Start of Material provided

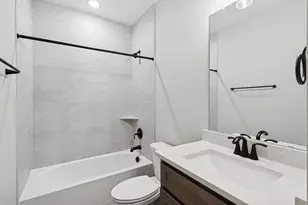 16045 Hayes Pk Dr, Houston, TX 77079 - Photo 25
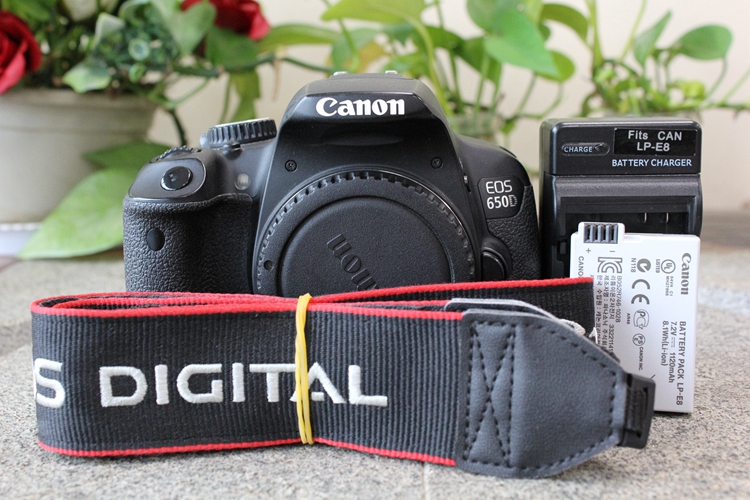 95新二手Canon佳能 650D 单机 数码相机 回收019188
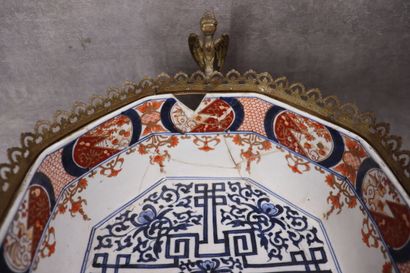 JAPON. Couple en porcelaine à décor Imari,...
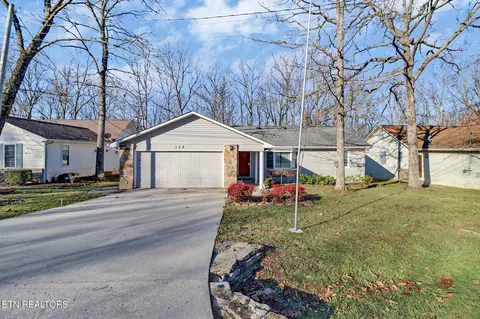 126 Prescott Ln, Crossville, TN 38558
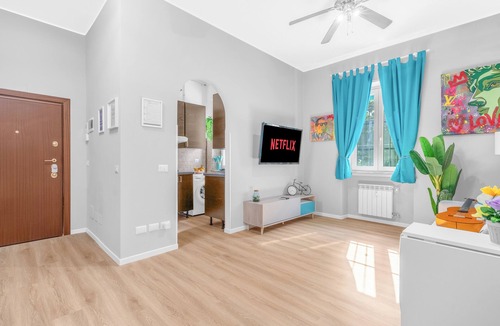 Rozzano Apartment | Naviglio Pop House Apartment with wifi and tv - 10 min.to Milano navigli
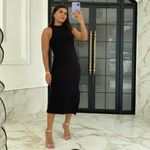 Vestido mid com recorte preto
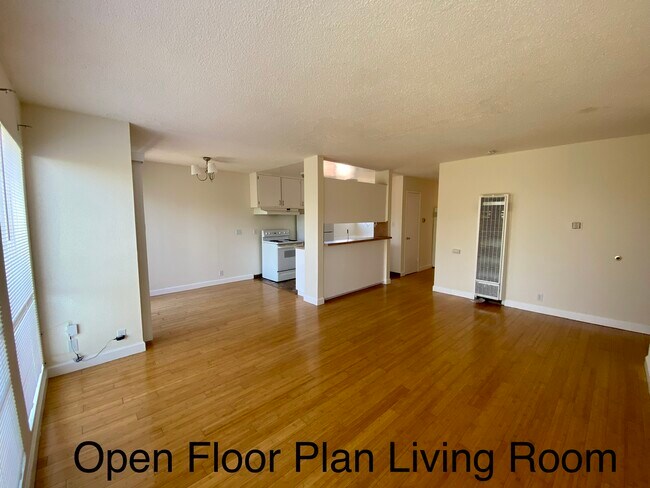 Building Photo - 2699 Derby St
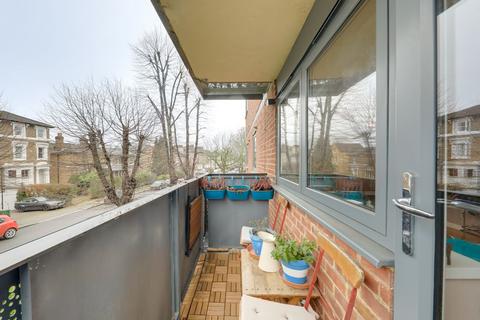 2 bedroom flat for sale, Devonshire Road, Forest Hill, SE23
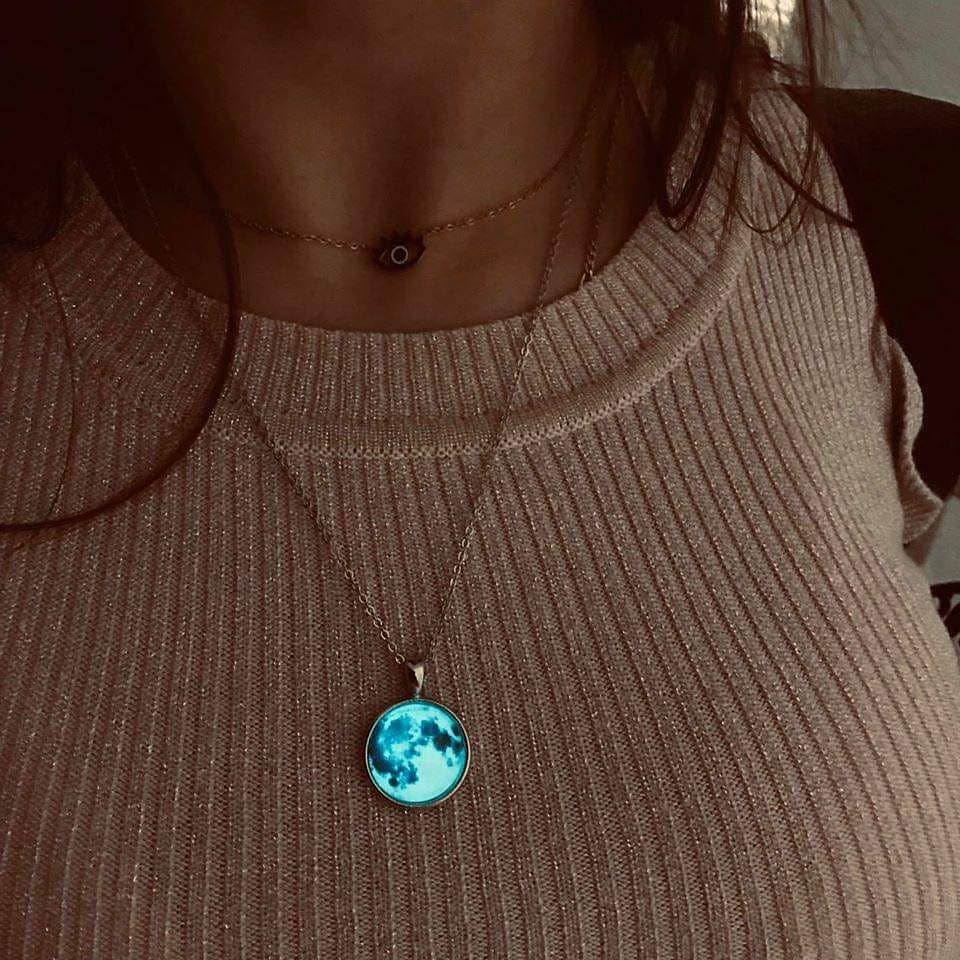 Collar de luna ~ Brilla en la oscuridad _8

End of Material provided

Work instruction
Nothing but the lines from the line containing "Vestido mid com recorte preto" through the last line of the listing above should appear, output exactly, with no pictures.

Answer to the exercise
 Vestido mid com recorte preto
 Building Photo - 2699 Derby St
 2 bedroom flat for sale, Devonshire Road, Forest Hill, SE23
 Collar de luna ~ Brilla en la oscuridad _8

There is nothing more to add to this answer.